Veni vidi vici voor de emmermug
Stichting BargerveenVerdwenen in de droogte?
De emmermug is één van de ongeveer 465 soorten dansmuggen in Nederland. Dansmuggen zijn de onschuld zelve, want steken doen ze niet. In 2011 werd de soort voor het eerst in Nederland ontdekt en de jaren daarna leek de soort algemener te worden. Na de droge en warme zomers van 2018 en 2019 was er echter drie jaar lang geen enkele melding en bleek de soort ook niet meer aanwezig op de bekende plekken.
Terug van even weggeweest
De emmermug heeft de prachtige wetenschappelijke naam Metriocnemus carmencitabertarum, genoemd naar de twee dochters van de ontdekker: Carmen en Berta. Ze dankt haar Nederlandse naam aan haar voorliefde om vooral in kleine watertjes haar eitjes te leggen, waar dan de larven in opgroeien. Daardoor wordt de emmermug in Nederland alleen gevonden in regentonnen, gieters, regenmeters, drinkbakken..., en heel vaak in emmers. De emmermug is wat dat betreft echt een soort van eigen huis en tuin. Door de twee droge en warme zomers stonden veel, zo niet al deze habitatjes voor langere tijd droog. Daarmee leek het Nederlandse doek alweer te zijn gevallen voor de emmermug. Drie jaar lang kwam er geen melding, totdat in juli 2021 in emmers in een tuin in Alphen aan de Rijn en op een balkon in Nijmegen larven werden gevonden. De emmermug was dus toch niet echt verdwenen.
Onderzoek
Voordat de emmermug voor even van de radar verdween, kon nog het één en ander van haar ecologie worden genoteerd.

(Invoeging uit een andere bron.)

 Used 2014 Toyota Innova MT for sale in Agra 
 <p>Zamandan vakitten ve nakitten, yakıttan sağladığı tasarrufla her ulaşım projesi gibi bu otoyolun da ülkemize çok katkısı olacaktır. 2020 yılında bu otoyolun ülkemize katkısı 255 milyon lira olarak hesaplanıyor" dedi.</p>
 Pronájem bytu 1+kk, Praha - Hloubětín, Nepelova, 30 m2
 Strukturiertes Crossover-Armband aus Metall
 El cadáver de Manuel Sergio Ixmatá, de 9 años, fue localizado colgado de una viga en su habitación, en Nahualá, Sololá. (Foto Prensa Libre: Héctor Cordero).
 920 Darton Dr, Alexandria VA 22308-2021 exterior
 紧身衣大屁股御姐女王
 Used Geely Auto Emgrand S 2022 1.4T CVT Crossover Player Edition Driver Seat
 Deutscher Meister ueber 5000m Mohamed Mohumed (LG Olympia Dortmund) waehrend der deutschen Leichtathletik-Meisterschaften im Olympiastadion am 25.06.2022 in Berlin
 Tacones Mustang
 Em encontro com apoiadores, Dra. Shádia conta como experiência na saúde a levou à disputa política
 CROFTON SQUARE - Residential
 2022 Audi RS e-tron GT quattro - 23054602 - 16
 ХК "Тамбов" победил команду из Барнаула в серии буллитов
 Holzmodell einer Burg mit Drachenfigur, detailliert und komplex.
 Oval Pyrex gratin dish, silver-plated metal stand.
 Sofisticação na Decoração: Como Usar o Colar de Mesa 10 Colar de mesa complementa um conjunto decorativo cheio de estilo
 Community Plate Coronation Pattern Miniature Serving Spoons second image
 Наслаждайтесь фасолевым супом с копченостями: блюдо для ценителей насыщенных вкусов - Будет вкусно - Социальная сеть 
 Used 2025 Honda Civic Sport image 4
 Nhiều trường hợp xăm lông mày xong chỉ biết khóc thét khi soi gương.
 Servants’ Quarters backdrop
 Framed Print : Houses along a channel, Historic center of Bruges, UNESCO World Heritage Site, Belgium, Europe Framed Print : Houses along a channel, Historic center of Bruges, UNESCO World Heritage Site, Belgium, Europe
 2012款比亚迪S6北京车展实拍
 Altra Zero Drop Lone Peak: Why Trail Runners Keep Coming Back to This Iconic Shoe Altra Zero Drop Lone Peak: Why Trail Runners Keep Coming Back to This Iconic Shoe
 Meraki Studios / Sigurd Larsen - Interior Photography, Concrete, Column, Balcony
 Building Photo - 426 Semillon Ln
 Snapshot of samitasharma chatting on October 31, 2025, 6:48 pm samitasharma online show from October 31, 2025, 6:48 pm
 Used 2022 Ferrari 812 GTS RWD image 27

Uit observaties blijkt dat de emmermug in de winter niet in rust (diapauze) gaat. Veel andere muggen doen dit wel om perioden met ijsvorming en voedseltekorten te doorstaan. De laatste vijfentwintig jaar zijn de meeste winters in Nederland milder geworden. Het ontbreken van een diapauze in de winter past goed bij dansmuggen van een warmer, maar niet al te droog klimaat. De dichtstbijzijnde zuidelijke vindplaatsen bevinden zich in het noordwesten van Spanje waar een vochtig en relatief warm klimaat heerst. De larven van de emmermug komen hier voor in met regenwater gevulde erosiegaten in granietrotsen. Ten noorden van ons land zijn geen waarnemingen bekend. Mogelijk dat de emmermug pas recent vanuit het zuiden naar het noorden is getrokken, waar zij winters tegenkwam die voldoende zacht waren geworden om zich te handhaven.
Desondanks komen vorstperioden nog wel voor. In januari 2015 overleefden vele larven meerdere dagen in een blok ijs. Dit kon doordat de larven zich wisten te beschermen door te nestelen in een algenbrok dat volledig omsloten was door het ijs. De lage temperatuur en het ontbreken van vloeibaar water deerde hen niet. Van april tot in juni slopen hier 63 volwassen emmermuggen uit. In de juli/augustus aflevering van de Entomologische Berichten wordt de laatste stand van zaken voor wat betreft de kennis over de mug gepubliceerd.
Hoe de larven zijn omgegaan met de droogte in 2018 en 2019 is onduidelijk, want waarschijnlijk overleven zij de uitdroging van hun habitat niet. De soort is echter goed in staat om geschikte plekken te koloniseren en kan zich binnen een maand van ei tot volwassen mug ontwikkelen. Waarschijnlijk heeft de soort zich tijdens de droge perioden op een aantal geschikte plekken gehandhaafd. Vervolgens hebben individuen zich dankzij een snelle ontwikkeling en een goed verspreidingsvermogen weer verspreid, zodat ze onder andere in een tuin in Alphen aan de Rijn en op een balkon in Nijmegen terechtkwamen.
Veni vidi vici!
Door de combinatie van deze eigenschappen én door de zachtere winters lijkt de emmermug een prima thuis te hebben gevonden in Nederland. Als de zomers, zoals voorspeld, in de toekomst droger en warmer worden, is echter de vraag of het klimaat in Nederland geschikt blijft voor de emmermug. Maar vooralsnog lijkt zij een mooi voorbeeld van ‘veni vidi vici’ te zijn.